== WHAT IS REQUIRED ==
Write the listing out once more, identical to the original but without pictures.

--- START ---

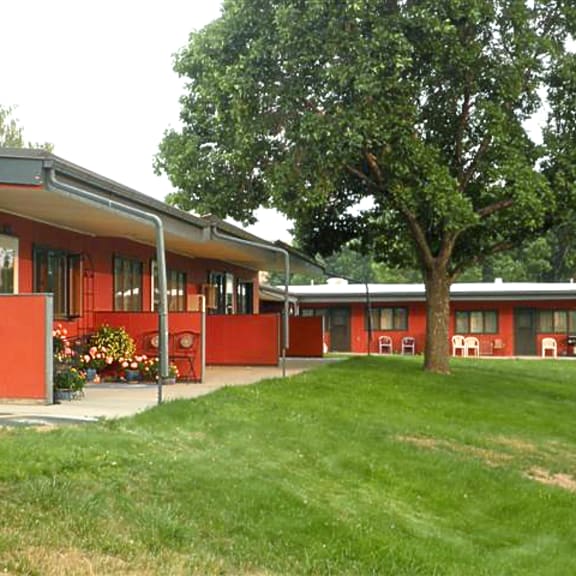 view of patios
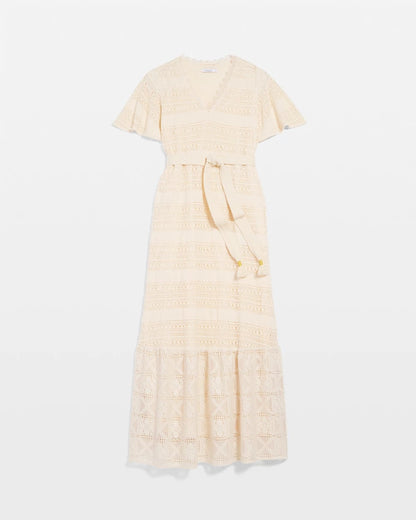 Chico's Women | Crochet-Lace Maxi Dress GLISTENING SAND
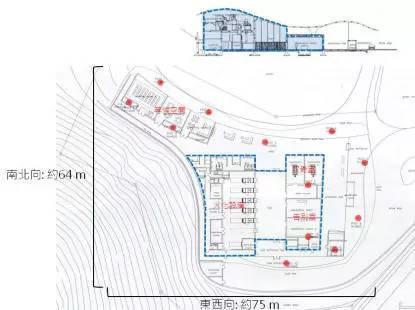 平面圖與剖面圖 瞑想の森 市営斎場火葬場 | Crematorium in Kakamigahara／伊東豐雄 Toyo Ito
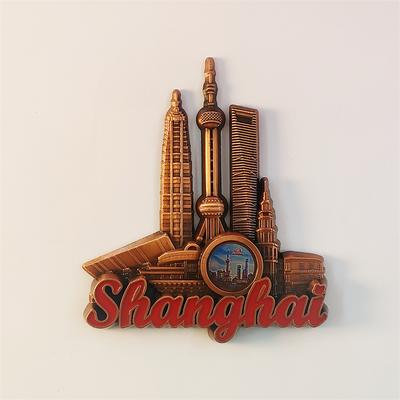 China Shanghai Oriental Pearl TV Tower 3D Stereoscopic Tourism Souvenirs Metal Decoration Home Refrigerator Magnets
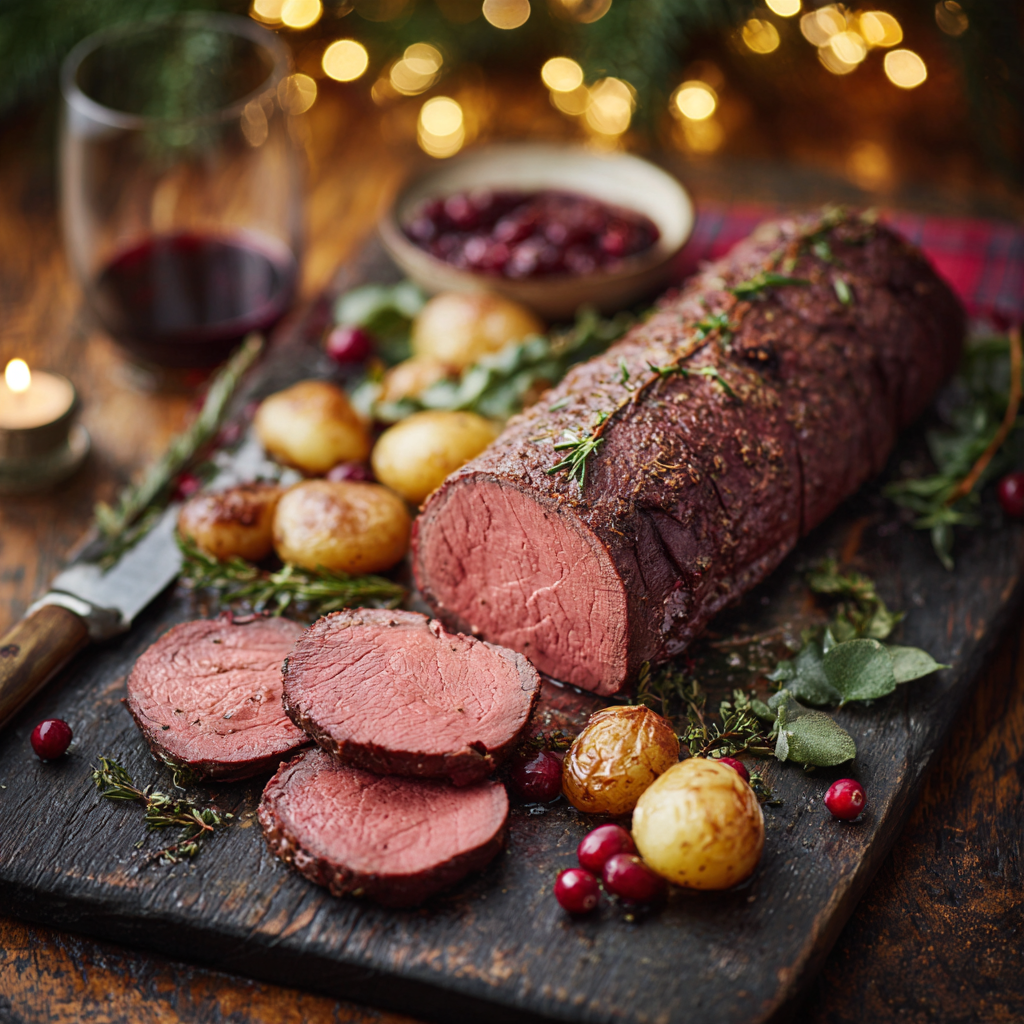 Scottish wild venison loin steak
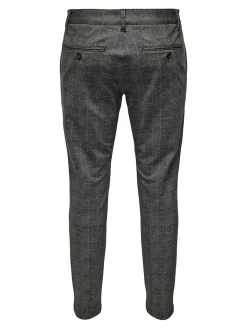 ONSMARK SLIM CHECK PANTS 9887 NOOS black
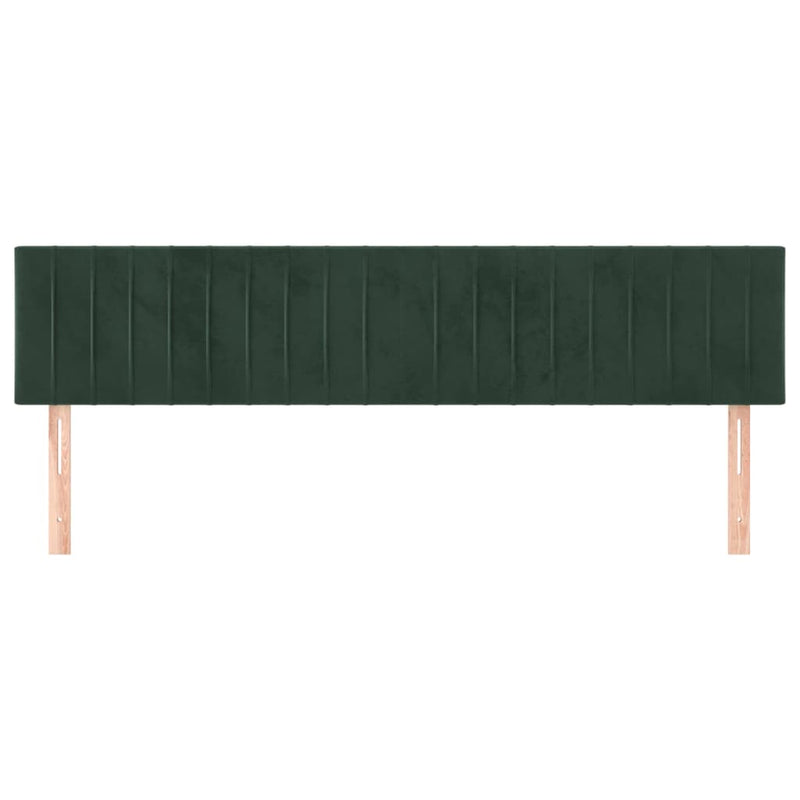 vidaXL 2 db sötétzöld bársony fejtámla 90x5x78/88 cm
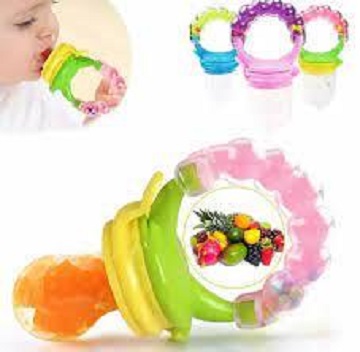Picture of Silicone Baby Pacifier Feeder for Fruits, Vegetables & Meat Picture of Silicone Baby Pacifier Feeder for Fruits, Vegetables & Meat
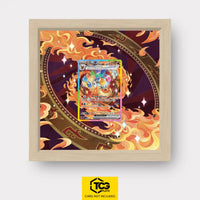 Flareon ex Pokémon TCG card displayed in a TCGplate Extended Art Display, designed for collectors to showcase trading cards.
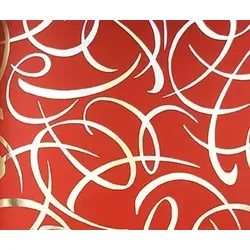 Clairefontaine Geschenkpapier Premium 80g, Rolle 50x0,70m, rote Arabesken - Rot 211894C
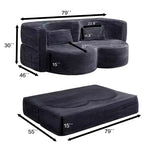 Divanetto trasformabile 2 in 1 Okak moderno e pieghevole con memory foam, comodo divano letto futon per soggiorno, appartamento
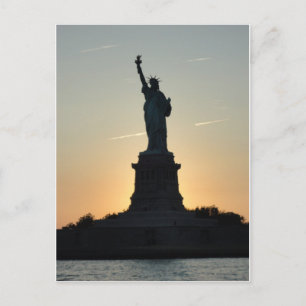 Postal Estatua del perfil de la libertad - ReasonerStore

--- END ---

== COMPLETED TASK ==
 view of patios
 Chico's Women | Crochet-Lace Maxi Dress GLISTENING SAND
 平面圖與剖面圖 瞑想の森 市営斎場火葬場 | Crematorium in Kakamigahara／伊東豐雄 Toyo Ito
 China Shanghai Oriental Pearl TV Tower 3D Stereoscopic Tourism Souvenirs Metal Decoration Home Refrigerator Magnets
 Scottish wild venison loin steak
 ONSMARK SLIM CHECK PANTS 9887 NOOS black
 vidaXL 2 db sötétzöld bársony fejtámla 90x5x78/88 cm
Picture of Silicone Baby Pacifier Feeder for Fruits, Vegetables & Meat Picture of Silicone Baby Pacifier Feeder for Fruits, Vegetables & Meat
 Flareon ex Pokémon TCG card displayed in a TCGplate Extended Art Display, designed for collectors to showcase trading cards.
 Clairefontaine Geschenkpapier Premium 80g, Rolle 50x0,70m, rote Arabesken - Rot 211894C
 Divanetto trasformabile 2 in 1 Okak moderno e pieghevole con memory foam, comodo divano letto futon per soggiorno, appartamento
 Postal Estatua del perfil de la libertad - ReasonerStore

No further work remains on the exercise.